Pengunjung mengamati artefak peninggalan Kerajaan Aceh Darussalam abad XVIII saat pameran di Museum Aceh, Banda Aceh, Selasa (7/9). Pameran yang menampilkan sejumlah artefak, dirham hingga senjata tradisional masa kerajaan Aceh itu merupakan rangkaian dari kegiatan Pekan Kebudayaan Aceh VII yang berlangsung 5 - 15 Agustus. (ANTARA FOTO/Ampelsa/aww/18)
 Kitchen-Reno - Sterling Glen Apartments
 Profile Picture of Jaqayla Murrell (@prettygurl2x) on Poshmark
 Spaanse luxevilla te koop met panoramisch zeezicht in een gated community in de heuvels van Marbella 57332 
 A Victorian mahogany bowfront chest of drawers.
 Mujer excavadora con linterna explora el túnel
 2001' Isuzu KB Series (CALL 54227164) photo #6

━━━━━━━━━━━━━━━━

Aim of the exercise.
Give back exactly the lines from the first line of the records through the line holding "Profile Picture of", including both of those lines and leaving out all others.

Output for this task.
Pengunjung mengamati artefak peninggalan Kerajaan Aceh Darussalam abad XVIII saat pameran di Museum Aceh, Banda Aceh, Selasa (7/9). Pameran yang menampilkan sejumlah artefak, dirham hingga senjata tradisional masa kerajaan Aceh itu merupakan rangkaian dari kegiatan Pekan Kebudayaan Aceh VII yang berlangsung 5 - 15 Agustus. (ANTARA FOTO/Ampelsa/aww/18)
 Kitchen-Reno - Sterling Glen Apartments
 Profile Picture of Jaqayla Murrell (@prettygurl2x) on Poshmark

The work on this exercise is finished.